Détruite par les Romains, Carthage va aussi renaître de ses cendres grâce aux Romains, qui en font leur capitale de la province d’Afrique. Anéantie par les Vandales, rebâtie par les Byzantins, pillée par de nouveaux envahisseurs, l’ancienne cité offre des ruines et des vestiges dispersés sur plusieurs centaines d’hectares. De plus, en raison de la proximité de Tunis, la capitale, Carthage s’est couverte d’habitations à partir de la deuxième moitié du vingtième siècle.

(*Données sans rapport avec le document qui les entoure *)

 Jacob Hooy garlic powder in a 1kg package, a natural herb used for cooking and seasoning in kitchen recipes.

GeoGuide assure que la construction de piscines, caves et garages a provoqué plus de dégâts « que les destructions romaines, vandales et arabes en deux mille ans d’histoire ». C’est d’ailleurs pour bloquer cette spéculation immobilière anarchique qu’un décret est pris en octobre 1985 afin de créer sur 400 hectares le Parc archéologique national de Carthage-Sidi Bou Saïd. Un territoire non constructible.

Ali Baba et 40 voleurs

Plusieurs campagnes internationales de fouilles, dirigées par l’Unesco, se développent entre 1972 et 1992. L’idée est de créer autour des monuments et des vestiges, une vaste zone verte, avec des pins, des oliviers, des figuiers de Barbarie, des eucalyptus afin d’attirer les touristes, mais aussi les Tunisiens. Arrivé au pouvoir en 1987, le président Ben Ali paraît, au départ, convaincu de l’intérêt de ce Parc. Il tient plusieurs conseils ministériels restreints sur ce projet.

« Mais petit à petit, comme Ali Baba et les 40 voleurs, lui et sa famille se sont rendus compte des immenses profits qu’ils pouvaient réaliser en mettant la main sur tous ces hectares de verdure au milieu des vestiges millénaires », commente Olfa Belhassine.

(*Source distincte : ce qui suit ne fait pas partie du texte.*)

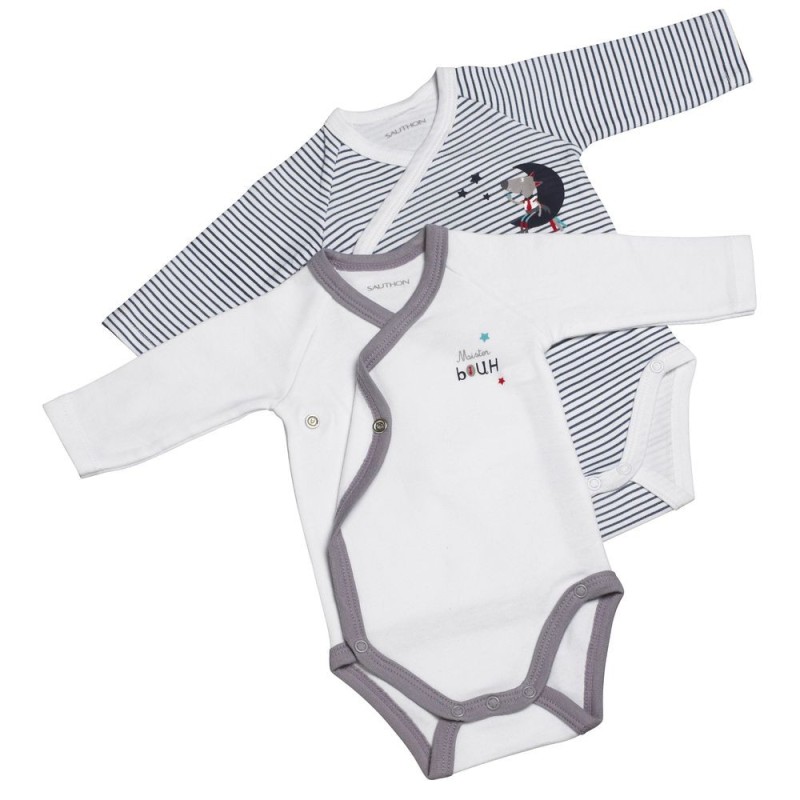 Lot de 2 bodies blanc/bleu marine - 3 mois Mister Bouh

« Les opérations foncières dans la zone de Carthage-Sidi Bou Saïd sont devenues le domaine réservé de l’ex-chef d’Etat (…) J’ai reçu une injonction du Président à travers un de ses proches collaborateurs me demandant de préparer les décrets de déclassement des terrains », reconnaît Mohamed El Aziz Ben Achour, l’ancien ministre de la Culture et de la Sauvegarde du patrimoine. Sakhr El Matri, le gendre de Ben Ali, et Belhassen Trabelsi, son beau-frère, font ainsi main basse sur 12 hectares et demi pour une bouchée de pain.

Nouvelle campagne de fouilles

Ensuite, chaque mètre carré construit sera proposé à plus de 1 300 euros. Une somme considérable en Tunisie. Depuis la « révolution » du 14 janvier dernier, l’une des premières décisions du gouvernement provisoire a été d’annuler les décrets de déclassement. Parallèlement, des archéologues du monde entier réclament une nouvelle campagne de fouilles.

(*) Olfa Belhassine a consacré deux grands reportages à ce scandale, intitulés « Silence, on spécule ! » (20 février 2011) et « Et si on reprenait les fouilles ? » (21 février).